Data-Sharing Architectures in the Linux Data Center

Matthew O'Keefe

Very few would dispute that Linux plays a crucial role at the center of the Internet computing universe. But in the past few years, Linux has been moving up the value chain, steadily gaining the respect of corporations worldwide. Now, Linux is in the data center with high-performance clusters that offer mainframe-like performance and reliability. This article will examine the trends influencing the adoption of Linux clusters in the data center and explore why clustering has been "gaining ground." Such trends include:

• Increased demand for higher performance and more processing power
• Undeniable need for high-availability in the data center
• Emergence of less expensive alternatives to supercomputers (i.e., use of blade servers)

Many systems administrators are faced with the responsibility of choosing, and ultimately implementing, a data-sharing architecture on Linux, so this article will also serve as a guideline for those considering deploying Linux in the data center. Many users often choose a data-sharing architecture for their environments without full awareness of other alternatives that may make their application environments faster, less costly, and easier to manage. This article will review the advantages of data-sharing Linux clusters, including:

• Ease and cost of administration
• Interoperability with other systems/applications
• Performance and scale
• Ease and speed of data sharing
• Suitability for incremental computing

In Unix, clusters have traditionally referred to groups of machines that (1) share various resources including network hardware, (2) are managed as a single system, and (3) provide mechanisms to transfer applications from a failed machine to a machine that is still up and running. The latter approach, termed "failover", is quite popular as a mechanism to increase availability. It relies on software watchdogs on one server to detect failure of another server, typically through the use of timeouts. Application agents provide information necessary for application restart on another server. Multi-ported shared storage devices are used so that all machines have access to the same files.

In traditional clusters using failover, physically shared storage is not accessed simultaneously by two or more machines. A complicated set of steps is necessary to transfer ownership of shared storage devices from one machine to another. Standard file systems and volume managers are not structured to allow simultaneous access to file systems mapped onto physically shared volumes. However, this situation is changing; cluster file systems and cluster volume managers have been developed that allow simultaneous access to shared storage devices. Examples of various cluster file systems that currently offer this type of functionality include IBM's GPFS, Sistina GFS, and Hewlett-Packard's Tru64 cluster file system.

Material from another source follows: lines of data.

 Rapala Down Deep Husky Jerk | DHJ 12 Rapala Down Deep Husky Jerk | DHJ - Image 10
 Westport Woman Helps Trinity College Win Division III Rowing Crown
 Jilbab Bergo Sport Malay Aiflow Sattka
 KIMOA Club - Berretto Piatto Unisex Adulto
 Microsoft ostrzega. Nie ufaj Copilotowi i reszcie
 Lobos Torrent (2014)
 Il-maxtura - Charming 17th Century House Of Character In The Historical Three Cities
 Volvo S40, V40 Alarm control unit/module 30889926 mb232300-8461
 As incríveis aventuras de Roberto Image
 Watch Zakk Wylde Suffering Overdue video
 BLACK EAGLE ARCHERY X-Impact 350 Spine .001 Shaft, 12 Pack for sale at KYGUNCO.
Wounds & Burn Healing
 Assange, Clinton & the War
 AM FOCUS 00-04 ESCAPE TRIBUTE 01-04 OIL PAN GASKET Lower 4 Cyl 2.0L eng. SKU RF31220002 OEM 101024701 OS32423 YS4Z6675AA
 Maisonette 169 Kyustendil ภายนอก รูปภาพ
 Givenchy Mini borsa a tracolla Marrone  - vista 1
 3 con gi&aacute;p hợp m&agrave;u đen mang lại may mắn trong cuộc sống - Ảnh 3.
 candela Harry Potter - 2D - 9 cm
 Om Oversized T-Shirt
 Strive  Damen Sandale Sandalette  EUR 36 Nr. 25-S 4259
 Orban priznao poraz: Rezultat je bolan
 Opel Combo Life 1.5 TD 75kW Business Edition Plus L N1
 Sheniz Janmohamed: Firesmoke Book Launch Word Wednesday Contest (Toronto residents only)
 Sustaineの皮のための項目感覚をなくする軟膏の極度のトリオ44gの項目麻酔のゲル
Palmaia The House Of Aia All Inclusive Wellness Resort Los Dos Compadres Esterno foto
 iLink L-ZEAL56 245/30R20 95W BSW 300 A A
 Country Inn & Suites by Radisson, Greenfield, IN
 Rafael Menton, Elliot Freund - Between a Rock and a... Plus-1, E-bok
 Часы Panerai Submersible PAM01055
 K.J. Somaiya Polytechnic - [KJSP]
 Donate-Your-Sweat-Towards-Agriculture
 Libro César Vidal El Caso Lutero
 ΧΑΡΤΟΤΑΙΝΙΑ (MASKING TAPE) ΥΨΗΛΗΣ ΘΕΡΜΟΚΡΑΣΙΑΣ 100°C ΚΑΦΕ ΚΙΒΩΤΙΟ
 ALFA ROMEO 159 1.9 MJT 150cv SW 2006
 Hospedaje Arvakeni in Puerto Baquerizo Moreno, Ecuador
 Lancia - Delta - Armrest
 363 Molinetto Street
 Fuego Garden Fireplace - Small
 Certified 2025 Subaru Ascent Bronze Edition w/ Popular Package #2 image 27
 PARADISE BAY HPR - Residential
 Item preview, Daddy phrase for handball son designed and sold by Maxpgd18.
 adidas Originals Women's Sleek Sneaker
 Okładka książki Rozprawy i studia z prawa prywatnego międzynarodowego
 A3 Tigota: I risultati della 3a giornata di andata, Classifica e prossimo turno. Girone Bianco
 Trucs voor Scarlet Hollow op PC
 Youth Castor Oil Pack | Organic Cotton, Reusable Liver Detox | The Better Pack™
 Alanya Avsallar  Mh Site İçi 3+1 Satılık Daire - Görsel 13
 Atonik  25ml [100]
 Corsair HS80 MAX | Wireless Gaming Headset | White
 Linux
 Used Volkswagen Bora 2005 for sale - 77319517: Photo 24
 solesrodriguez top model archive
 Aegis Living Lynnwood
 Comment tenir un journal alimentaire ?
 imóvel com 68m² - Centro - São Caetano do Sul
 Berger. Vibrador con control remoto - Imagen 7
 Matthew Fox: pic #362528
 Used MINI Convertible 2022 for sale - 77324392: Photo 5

Though the difference between traditional file systems and cluster file systems is deceptively simple, the impact of data-sharing across tightly coupled servers in a cluster is profound and provides far-reaching benefits for IT infrastructures designed to exploit them. These benefits include:

• Performance equal to local file systems for files shared across the cluster
• More transparent application failover and the ability to load-balance applications that share files across the cluster
• Incremental scalability instead of forklift upgrades -- servers and storage can be incrementally added to the cluster to provide better performance and capacity
• Simplified management is obtained by removing the need for a separate file system per server in the cluster
• Increased storage efficiency results from the ability to share storage blocks and re-allocate them as necessary among a small number of shared file systems in the cluster

The growth of storage infrastructure deployments also is supported by findings from various industry sources in the financial sector. In a September 2002 report by Ashok Kumar of Piper Jaffray, "State of the Network Storage Industry," Kumar states that there are certain types of storage software that will make a difference in building reliable storage. These include integrated management software (file systems, virtualization layers), integrated planning/management software, data redundancy management, and file system software management.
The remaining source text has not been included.